Write out, word for word, the part of the listing below that opens with the line containing "rubbish. Ecology activism" and closes with the line containing "Home cook's hands", keeping both of those lines and adding no others.

Given records below:

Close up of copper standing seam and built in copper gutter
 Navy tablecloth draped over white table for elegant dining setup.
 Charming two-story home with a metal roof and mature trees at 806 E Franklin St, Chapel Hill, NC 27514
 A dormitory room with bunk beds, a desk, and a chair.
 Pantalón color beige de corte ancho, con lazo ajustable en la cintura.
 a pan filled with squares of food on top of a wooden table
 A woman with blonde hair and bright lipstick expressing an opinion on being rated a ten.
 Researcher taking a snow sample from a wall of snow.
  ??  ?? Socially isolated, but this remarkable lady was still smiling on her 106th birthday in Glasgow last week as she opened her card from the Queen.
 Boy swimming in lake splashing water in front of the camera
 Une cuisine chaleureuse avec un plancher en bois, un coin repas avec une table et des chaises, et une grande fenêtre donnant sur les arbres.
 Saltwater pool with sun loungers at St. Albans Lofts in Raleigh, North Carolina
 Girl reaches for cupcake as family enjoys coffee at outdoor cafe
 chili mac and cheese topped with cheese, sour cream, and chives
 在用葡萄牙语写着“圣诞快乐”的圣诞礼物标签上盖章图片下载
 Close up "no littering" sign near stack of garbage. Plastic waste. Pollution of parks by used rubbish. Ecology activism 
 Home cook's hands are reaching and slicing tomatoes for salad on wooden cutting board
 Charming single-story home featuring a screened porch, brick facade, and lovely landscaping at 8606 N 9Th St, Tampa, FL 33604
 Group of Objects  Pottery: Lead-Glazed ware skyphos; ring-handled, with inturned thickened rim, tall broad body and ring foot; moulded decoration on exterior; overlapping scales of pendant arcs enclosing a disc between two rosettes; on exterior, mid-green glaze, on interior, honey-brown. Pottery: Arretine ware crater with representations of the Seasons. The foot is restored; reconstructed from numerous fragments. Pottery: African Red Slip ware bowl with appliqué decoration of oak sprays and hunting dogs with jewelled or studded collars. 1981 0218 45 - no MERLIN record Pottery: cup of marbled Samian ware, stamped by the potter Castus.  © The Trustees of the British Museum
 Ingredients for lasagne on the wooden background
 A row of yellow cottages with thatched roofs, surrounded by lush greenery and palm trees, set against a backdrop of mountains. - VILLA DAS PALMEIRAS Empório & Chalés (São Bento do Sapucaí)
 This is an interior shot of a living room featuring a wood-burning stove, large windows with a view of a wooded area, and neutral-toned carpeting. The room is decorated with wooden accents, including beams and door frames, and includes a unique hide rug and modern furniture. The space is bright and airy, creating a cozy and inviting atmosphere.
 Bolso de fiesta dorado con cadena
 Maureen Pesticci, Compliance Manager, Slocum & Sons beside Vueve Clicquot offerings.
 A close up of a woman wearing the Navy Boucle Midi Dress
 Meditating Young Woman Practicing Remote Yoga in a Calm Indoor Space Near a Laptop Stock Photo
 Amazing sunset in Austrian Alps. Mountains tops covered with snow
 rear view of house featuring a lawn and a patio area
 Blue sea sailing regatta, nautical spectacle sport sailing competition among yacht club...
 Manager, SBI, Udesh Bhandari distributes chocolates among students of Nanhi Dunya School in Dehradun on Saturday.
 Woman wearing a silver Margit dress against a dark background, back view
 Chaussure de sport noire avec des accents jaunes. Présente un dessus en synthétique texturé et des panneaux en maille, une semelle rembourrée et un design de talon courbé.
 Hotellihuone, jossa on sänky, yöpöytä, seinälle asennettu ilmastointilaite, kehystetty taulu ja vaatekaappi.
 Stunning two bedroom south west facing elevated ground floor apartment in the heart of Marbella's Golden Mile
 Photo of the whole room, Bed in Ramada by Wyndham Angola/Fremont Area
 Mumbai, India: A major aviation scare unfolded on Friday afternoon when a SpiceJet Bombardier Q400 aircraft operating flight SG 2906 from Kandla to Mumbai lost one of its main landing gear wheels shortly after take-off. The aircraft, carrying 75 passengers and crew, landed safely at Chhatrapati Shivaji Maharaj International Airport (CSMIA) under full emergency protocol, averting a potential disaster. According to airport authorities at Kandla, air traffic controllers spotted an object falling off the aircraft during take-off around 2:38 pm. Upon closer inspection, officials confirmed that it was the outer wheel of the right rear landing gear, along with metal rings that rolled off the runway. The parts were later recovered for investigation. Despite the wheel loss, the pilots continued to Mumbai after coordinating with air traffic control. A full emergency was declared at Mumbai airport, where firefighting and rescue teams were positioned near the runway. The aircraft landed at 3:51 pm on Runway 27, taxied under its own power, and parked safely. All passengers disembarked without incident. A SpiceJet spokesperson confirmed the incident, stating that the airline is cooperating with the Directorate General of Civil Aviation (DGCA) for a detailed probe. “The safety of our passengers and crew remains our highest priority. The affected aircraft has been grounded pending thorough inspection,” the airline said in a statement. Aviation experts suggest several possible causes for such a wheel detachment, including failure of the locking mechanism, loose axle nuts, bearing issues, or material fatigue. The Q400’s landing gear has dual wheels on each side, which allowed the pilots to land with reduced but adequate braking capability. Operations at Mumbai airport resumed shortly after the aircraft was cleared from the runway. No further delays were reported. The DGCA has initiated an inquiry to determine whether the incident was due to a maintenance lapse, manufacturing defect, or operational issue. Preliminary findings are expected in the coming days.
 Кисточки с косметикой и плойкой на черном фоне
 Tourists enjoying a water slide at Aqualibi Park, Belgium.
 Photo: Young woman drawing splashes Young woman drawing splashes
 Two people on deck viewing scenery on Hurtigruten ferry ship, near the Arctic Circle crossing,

End of Given records.

* Task response *
 Close up "no littering" sign near stack of garbage. Plastic waste. Pollution of parks by used rubbish. Ecology activism 
 Home cook's hands are reaching and slicing tomatoes for salad on wooden cutting board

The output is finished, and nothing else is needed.